Green Chicken Enchiladas

As I was looking ahead to this week, I reminded myself that I had cilantro in the fridge left from my roasted cauliflower soup last week. I have a harder time keeping cilantro fresh than parsley, and knew that this would probably be the last week I would be able to use this bunch, so I decided to use it all up with green chicken enchiladas!

I love this recipe from Food52. Fair warning: it is titled Enchiladas Suizas, but it is not truly that because it doesn't include a cream sauce. That's fine by me. It's a killer green salsa with corn tortillas and chicken. Game on.

Planning!

This recipe does do one thing that kind of makes me crazy: it calls for a portion size (2 cups, to be specific) of cooked chicken rather than telling you how much raw chicken to buy and offering a suggestion for preparing it. No worries, really, in this case: I can eye ball about how much chicken will make two cups of chopped/shredded meat (about a pound), and I'm all about that court-bouillon poaching life.

Here's the nutritional breakdown from Fitbit...
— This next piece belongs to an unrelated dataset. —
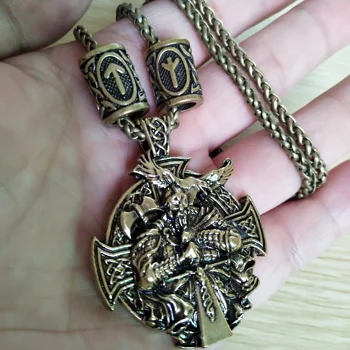 Nordiske Odin Symbol Rune Runer Perler Helena Rosova Vedhæng Viking Halskæde Amulet Talisman For Sejr Beskyttelse Smykker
Groceries I had on hand...

  • olive oil
  • garlic
  • cilantro
  • dried oregano
  • ground clove
  • ground cumin
  • salt

Groceries I had to buy...

  • tomatillos (.7lb @ $.99/lb = $.69)
  • poblanos (.59lb @ $4.69/lb = $2.77)
  • chicken broth ($.79)
  • lime (1 @ 5 for $2.00 = $.40)
  • chicken (1.05lb @ $4.29/lb = $4.50)
  • corn tortillas ($2.09)
  • monterey jack cheese ($2.50)
  • sour cream ($1.99)

Total monies spent for the entire recipe: $15.73

Total monies spent for each of these 4 meals....

$3.93 per meal...

Cooking!

One of my favorite things about this recipe is how complicated it tastes while taking zero work. Make salsa, roll enchiladas, smother enchiladas, bake enchiladas. For real!

Quick note on the chicken: I used boneless skinless chicken thighs. I poached then in a court bouillon with one onion, two smashed garlic cloves, and all the stems from the cilantro leaves that I put into the salsa. I simmered for ten minutes, then steeped for another 15 before taking out the chicken to cool and discarding the aromatics.

I ate these for dinner tonight, and will testify that they are: fresh, just spicy enough, filling without making me sleepy, and altogether a game well played.